With her son she conceived the project of seeking a political alliance and military support to regain the power that is their due. Sahaba and Abdelmalik went to Istanbul to address the Ottoman sultan, Mourad III newly ascended to the throne. Indeed, Sahaba was a friend of Nurbanu Sultan, the widow of Selim II and the mother of Sultan Murad III. Abdelmalik strongly insisted on this sovereign to obtain that he put at his disposal a Turkish army with which he would go to Morocco to strip his nephew of the crown. Murad III received this proposal with anger and refused to favor such a design. However, Sahaba and her son Abdelmalik remained in the Ottoman capital until they found a solution to this problem. A solution quickly presented itself, that same year, in 1574, the Ottoman sultan fought against the Spanish occupiers to regain control of Tunisia. He sent missives to his governors in Algiers and Tripoli ordering them to dispatch ships that could support him in this conflict. The two Saadian brothers Abdelmalik and Ahmad also decided to participate in the sultan's defensive operation by leading one of the ships leaving Algiers. Tunisia was reconquered, and Sahaba was the first to be aware of the Ottoman victory against the Spanish and was in turn the first to announce this victory to the Ottoman sultan. Fine diplomat, bringing the message of victory over the Spanish, to which his son contributed, she asked simultaneously that the latter support Abdelmalik in his struggle for power against Abu Abdallah Mohammed II. Without hesitation, this time, the Ottoman sultan ordered his governor of Algiers to equip Abdelmalek with men and horses.

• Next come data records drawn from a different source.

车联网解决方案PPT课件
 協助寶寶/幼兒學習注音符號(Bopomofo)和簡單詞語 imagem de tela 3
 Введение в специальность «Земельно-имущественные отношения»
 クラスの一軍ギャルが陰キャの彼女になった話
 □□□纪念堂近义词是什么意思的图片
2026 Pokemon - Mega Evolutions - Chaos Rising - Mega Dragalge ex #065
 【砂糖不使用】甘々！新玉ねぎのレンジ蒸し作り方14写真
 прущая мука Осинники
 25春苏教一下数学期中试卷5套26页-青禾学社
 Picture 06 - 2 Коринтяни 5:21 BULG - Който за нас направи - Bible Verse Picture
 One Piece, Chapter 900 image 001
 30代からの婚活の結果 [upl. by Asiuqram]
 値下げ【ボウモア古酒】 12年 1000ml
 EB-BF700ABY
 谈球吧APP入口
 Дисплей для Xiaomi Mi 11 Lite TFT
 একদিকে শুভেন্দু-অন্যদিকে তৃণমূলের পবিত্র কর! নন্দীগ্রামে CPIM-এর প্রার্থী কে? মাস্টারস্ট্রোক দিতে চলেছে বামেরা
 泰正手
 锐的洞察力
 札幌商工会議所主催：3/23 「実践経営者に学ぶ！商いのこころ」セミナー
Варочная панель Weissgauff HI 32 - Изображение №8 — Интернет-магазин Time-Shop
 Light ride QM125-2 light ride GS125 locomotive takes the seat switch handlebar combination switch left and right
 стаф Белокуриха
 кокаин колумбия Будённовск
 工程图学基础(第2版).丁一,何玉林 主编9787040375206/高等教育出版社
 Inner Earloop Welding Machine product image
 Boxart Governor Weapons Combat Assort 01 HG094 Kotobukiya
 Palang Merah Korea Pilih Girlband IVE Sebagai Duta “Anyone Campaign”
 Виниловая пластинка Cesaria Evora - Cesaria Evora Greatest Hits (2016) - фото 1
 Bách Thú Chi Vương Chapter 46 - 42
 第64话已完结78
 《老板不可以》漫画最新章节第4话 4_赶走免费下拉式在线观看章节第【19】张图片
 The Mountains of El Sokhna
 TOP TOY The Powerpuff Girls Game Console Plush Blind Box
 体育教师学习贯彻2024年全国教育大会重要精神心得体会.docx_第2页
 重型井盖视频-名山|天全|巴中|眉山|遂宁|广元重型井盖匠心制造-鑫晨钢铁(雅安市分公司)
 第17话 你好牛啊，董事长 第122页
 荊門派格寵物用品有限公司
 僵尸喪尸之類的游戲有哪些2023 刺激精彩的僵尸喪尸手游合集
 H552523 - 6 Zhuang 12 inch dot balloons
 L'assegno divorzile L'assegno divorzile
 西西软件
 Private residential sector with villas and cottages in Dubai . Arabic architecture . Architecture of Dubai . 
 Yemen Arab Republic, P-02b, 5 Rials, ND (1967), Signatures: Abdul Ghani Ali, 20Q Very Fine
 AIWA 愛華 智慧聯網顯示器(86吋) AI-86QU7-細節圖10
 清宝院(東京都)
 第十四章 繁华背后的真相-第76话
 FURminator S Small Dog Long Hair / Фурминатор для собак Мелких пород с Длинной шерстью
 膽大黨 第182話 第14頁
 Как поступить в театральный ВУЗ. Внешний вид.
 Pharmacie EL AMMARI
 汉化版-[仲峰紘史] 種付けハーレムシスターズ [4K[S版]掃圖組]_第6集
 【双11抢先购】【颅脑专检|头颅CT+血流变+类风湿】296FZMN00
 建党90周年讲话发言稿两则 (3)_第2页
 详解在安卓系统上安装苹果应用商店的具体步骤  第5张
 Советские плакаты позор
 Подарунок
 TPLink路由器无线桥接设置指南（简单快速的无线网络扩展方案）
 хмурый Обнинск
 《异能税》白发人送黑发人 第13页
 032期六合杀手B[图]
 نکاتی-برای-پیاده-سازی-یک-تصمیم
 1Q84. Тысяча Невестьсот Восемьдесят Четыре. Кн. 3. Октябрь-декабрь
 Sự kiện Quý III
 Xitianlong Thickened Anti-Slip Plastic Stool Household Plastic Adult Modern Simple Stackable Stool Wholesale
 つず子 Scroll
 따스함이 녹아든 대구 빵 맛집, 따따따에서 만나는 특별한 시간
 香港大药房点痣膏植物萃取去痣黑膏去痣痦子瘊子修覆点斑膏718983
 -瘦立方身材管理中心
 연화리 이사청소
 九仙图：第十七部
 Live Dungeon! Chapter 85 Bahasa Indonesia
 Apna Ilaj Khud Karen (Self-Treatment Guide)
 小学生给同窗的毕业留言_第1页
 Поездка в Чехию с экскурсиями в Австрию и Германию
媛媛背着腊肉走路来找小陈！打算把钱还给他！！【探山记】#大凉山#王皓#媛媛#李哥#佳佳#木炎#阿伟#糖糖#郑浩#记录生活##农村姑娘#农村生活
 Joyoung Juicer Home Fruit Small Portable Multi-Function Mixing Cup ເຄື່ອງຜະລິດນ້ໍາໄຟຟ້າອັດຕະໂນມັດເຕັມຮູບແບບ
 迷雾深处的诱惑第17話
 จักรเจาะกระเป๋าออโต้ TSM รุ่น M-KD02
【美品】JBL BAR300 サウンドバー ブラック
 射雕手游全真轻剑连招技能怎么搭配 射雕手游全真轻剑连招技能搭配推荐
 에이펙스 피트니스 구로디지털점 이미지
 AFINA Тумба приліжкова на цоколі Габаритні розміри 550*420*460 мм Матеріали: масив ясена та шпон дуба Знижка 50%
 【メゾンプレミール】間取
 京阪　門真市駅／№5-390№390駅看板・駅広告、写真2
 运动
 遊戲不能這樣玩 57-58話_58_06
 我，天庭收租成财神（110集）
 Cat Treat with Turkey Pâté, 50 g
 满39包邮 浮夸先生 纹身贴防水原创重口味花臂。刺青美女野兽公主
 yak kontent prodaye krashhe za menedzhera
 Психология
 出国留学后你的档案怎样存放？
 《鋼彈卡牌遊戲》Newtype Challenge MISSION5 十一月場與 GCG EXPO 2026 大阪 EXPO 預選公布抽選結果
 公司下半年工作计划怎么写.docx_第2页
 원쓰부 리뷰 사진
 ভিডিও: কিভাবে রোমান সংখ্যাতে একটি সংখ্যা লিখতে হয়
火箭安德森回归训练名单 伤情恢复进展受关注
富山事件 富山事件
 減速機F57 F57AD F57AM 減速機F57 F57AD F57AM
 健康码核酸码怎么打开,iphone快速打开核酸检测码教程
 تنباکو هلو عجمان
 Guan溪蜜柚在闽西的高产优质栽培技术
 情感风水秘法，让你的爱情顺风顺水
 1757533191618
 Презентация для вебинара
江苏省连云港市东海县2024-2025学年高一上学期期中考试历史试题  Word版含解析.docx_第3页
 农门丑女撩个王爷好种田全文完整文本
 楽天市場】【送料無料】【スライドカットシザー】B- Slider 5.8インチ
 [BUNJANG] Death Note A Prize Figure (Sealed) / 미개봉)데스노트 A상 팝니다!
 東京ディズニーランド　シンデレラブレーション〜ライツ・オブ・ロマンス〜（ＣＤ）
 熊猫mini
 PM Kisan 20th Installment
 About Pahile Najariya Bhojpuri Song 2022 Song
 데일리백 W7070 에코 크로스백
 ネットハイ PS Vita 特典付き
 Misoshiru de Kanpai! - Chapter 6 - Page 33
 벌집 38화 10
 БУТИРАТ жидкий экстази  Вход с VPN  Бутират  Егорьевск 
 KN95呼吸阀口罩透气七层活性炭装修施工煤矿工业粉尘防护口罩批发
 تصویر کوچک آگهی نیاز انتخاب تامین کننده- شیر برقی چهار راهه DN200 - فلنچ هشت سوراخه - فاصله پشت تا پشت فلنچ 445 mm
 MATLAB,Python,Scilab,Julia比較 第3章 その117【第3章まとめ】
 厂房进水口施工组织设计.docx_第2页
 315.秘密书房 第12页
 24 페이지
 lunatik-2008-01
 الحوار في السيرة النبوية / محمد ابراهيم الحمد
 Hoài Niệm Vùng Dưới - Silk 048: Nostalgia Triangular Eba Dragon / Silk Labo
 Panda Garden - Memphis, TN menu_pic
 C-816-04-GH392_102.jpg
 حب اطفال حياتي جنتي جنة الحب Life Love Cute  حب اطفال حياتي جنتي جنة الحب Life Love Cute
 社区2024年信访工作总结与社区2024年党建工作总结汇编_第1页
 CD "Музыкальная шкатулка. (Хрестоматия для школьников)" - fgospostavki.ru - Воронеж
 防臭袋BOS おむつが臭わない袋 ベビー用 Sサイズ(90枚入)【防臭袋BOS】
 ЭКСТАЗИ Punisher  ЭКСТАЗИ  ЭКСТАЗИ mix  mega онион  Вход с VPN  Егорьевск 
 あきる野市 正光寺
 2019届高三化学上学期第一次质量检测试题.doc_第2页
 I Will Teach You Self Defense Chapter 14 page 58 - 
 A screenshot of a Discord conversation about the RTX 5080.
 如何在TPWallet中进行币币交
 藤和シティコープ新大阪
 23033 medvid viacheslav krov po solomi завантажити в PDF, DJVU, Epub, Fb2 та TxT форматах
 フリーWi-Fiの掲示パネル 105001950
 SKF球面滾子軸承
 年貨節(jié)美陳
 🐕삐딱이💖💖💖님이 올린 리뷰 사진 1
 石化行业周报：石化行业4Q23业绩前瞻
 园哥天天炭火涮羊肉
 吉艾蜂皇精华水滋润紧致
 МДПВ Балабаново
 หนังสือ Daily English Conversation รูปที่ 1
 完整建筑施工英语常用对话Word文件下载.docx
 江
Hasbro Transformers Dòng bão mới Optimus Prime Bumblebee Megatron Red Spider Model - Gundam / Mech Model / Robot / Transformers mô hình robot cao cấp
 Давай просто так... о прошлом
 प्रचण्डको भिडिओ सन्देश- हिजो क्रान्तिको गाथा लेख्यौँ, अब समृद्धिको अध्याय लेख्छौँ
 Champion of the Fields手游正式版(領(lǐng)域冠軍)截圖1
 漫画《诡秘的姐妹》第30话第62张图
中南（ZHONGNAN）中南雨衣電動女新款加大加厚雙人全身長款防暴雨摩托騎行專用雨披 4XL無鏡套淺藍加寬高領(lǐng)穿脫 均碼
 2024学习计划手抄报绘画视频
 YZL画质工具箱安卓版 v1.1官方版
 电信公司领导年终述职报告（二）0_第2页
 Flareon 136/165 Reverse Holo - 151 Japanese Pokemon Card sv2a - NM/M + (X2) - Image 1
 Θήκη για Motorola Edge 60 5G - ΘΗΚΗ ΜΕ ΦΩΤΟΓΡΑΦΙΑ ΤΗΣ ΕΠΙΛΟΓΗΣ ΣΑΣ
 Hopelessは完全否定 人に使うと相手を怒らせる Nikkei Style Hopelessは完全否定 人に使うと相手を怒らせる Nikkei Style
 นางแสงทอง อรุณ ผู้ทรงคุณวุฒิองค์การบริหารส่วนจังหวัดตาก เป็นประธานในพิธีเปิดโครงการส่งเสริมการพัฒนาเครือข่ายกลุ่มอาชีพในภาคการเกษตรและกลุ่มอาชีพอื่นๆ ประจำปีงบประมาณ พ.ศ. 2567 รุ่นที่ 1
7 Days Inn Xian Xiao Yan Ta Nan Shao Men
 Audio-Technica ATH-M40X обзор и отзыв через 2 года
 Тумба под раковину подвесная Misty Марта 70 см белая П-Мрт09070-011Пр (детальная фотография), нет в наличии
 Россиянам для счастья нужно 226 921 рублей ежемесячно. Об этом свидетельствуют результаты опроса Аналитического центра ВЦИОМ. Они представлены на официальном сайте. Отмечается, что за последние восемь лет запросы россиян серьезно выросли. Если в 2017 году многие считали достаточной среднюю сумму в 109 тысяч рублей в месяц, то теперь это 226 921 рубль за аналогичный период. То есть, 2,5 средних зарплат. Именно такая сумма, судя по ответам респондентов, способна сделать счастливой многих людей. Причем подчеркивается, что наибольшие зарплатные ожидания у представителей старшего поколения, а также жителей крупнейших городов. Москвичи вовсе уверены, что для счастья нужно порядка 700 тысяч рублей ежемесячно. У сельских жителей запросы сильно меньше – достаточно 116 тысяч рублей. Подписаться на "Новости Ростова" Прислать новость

The sultan having granted this request, Sahaba and her son Abdelmalik, went back to Algiers where his son gave the inhabitants of this city the letter in which the sultan ordered them to leave with him, and help him reconquer the throne. The Algerians asked Abdelmalik to pay them their balance, he asked them to give him credit until the expedition was completed, but it was agreed that he give, at each stage, a sum of 10,000 coins to the Turkish army which he took with him and which consisted of 4000 men. According to the Dorret commentary, Abdelmalek would have asked the Bey of Algiers for only a weak escort to accompany him to the Moroccan border, request to which the Bey acceded. After which Abdelmalik overthrew his nephew in 1576 and was proclaimed sultan of Morocco.

== Descendants ==
Sahaba and Mohammed al-Shaykh had several children:

- Abd al-Mumin al-Sâadi; he was assassinated in Tlemcen in 1572. He married the Sayyida Oum Daoud al-Ghâzi of Tidli. Their child is Prince Daoud al-Saadi;
- Lalla Aicha al-Sâadiya, born in 1533;
- Lalla Fatima Zahra al-Sâadiya, born 1537. She is buried at the Saadian Tombs in Marrakesh;
- Sultan Abu Marwan Abd al-Malik; he married Zahara bint Agi Morato the daughter of Haci Murad the Ottoman governor of Médéa. After the death of her husband during the Battle of Alcácer Quibir, Zahara remarried Hassan Pasha, governor general of Algeria and then Kapudan Pasha.